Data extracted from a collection

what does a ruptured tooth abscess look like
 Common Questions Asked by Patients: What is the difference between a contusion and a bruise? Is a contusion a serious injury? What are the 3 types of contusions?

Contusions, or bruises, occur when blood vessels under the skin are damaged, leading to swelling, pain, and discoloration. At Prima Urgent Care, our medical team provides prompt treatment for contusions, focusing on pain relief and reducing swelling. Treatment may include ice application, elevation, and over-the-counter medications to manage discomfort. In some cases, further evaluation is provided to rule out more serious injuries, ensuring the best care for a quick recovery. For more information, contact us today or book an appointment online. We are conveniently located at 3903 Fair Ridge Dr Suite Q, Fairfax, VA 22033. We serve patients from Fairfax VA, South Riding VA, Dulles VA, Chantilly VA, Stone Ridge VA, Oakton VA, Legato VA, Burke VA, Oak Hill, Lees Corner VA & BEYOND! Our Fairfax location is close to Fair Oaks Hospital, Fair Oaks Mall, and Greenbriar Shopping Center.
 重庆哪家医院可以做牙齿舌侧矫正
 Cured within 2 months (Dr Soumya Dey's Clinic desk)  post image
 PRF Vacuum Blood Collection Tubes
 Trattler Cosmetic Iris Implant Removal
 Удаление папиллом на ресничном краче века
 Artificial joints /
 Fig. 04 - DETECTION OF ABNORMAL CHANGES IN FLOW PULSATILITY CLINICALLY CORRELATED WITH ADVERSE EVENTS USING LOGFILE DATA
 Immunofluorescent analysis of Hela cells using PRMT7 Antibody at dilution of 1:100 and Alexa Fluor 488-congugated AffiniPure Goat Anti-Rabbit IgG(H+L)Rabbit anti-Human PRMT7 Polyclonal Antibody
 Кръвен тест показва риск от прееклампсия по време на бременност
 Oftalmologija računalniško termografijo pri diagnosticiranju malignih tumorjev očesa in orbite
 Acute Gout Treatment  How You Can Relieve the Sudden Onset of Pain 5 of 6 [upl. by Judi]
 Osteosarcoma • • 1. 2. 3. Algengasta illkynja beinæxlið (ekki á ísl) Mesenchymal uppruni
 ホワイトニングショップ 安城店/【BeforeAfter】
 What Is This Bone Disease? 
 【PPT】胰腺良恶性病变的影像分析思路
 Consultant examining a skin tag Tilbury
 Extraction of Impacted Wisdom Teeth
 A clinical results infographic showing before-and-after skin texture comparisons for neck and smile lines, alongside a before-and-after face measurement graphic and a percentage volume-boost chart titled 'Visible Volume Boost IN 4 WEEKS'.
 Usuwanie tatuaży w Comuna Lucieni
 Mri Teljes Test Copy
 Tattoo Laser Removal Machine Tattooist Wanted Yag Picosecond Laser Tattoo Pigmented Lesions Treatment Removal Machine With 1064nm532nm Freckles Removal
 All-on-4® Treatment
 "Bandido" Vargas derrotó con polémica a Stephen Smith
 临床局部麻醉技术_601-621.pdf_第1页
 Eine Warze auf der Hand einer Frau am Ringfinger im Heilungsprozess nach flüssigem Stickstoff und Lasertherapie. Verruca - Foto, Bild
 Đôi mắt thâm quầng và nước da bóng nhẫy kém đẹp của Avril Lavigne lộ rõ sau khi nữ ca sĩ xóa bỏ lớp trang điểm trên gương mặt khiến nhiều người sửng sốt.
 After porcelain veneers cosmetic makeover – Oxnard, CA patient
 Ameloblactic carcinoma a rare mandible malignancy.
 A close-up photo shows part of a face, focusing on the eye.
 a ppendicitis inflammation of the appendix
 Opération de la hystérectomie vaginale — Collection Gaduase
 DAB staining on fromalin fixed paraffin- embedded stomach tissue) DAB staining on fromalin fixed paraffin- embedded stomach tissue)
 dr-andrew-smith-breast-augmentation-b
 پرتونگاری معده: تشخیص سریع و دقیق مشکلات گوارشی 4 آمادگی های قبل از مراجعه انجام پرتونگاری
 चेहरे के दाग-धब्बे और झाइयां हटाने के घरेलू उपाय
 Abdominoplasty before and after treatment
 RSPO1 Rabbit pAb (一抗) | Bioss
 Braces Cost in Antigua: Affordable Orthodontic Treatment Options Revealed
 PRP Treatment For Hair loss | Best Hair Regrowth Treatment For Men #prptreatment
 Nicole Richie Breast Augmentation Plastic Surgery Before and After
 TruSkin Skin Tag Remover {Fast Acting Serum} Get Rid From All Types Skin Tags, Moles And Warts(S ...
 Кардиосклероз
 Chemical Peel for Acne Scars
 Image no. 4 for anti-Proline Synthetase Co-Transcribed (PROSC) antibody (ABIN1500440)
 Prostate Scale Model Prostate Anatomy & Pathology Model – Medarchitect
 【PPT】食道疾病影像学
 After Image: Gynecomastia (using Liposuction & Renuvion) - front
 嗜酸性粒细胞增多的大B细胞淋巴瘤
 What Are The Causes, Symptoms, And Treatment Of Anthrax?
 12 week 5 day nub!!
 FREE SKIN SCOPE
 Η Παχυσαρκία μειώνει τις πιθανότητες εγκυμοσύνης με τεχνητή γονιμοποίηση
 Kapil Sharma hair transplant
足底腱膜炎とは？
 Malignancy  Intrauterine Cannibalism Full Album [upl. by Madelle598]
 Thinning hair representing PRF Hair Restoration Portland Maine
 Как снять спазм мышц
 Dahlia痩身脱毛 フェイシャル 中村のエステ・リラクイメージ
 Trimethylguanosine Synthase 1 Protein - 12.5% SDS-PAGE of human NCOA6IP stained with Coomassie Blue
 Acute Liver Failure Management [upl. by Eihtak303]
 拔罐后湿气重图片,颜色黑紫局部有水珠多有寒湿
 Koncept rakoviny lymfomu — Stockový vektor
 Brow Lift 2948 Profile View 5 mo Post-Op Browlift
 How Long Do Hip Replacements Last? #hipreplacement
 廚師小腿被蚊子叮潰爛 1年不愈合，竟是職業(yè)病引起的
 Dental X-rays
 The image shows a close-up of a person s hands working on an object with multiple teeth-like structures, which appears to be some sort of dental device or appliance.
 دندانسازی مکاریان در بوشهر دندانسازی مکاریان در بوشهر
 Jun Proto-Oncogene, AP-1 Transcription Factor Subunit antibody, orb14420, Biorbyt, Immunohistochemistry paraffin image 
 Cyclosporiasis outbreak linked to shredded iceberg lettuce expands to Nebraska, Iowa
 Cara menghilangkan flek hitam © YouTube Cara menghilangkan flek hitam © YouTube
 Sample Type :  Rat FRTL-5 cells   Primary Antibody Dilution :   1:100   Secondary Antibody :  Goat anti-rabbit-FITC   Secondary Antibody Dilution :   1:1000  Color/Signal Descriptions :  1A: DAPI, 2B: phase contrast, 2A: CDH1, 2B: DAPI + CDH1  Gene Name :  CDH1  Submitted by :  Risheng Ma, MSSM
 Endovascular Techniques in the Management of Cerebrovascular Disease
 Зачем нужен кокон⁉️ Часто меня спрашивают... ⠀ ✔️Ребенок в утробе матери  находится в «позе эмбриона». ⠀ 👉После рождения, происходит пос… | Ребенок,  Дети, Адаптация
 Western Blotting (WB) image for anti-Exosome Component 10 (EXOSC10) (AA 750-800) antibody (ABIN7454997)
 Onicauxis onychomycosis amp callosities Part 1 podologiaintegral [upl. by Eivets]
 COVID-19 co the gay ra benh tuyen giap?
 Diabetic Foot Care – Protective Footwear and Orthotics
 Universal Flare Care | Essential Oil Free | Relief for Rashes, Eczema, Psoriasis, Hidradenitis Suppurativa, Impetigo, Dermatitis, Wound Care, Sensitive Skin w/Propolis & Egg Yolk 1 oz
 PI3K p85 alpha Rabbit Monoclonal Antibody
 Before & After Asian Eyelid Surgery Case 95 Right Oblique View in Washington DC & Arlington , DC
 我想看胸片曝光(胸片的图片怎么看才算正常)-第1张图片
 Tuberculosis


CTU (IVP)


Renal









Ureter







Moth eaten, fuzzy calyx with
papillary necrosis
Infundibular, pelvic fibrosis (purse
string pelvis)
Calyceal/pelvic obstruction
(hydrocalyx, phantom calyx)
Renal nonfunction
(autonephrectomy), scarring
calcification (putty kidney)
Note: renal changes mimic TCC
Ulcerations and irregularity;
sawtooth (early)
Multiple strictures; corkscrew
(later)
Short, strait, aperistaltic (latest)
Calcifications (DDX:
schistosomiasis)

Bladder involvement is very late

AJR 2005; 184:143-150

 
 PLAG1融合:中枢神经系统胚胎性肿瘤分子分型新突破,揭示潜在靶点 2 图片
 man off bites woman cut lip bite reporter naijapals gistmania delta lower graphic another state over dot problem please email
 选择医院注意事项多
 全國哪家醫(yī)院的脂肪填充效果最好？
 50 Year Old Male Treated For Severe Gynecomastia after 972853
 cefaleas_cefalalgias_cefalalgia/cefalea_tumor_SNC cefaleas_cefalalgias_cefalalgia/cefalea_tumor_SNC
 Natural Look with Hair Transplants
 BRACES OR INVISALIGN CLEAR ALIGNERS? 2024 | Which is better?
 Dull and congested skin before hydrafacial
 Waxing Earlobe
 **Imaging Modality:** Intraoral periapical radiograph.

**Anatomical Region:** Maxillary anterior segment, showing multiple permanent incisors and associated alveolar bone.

**Assignment:**
For the records above, state the number of lines holding the string "pelvic", without further comment.

**Result of this exercise:**
2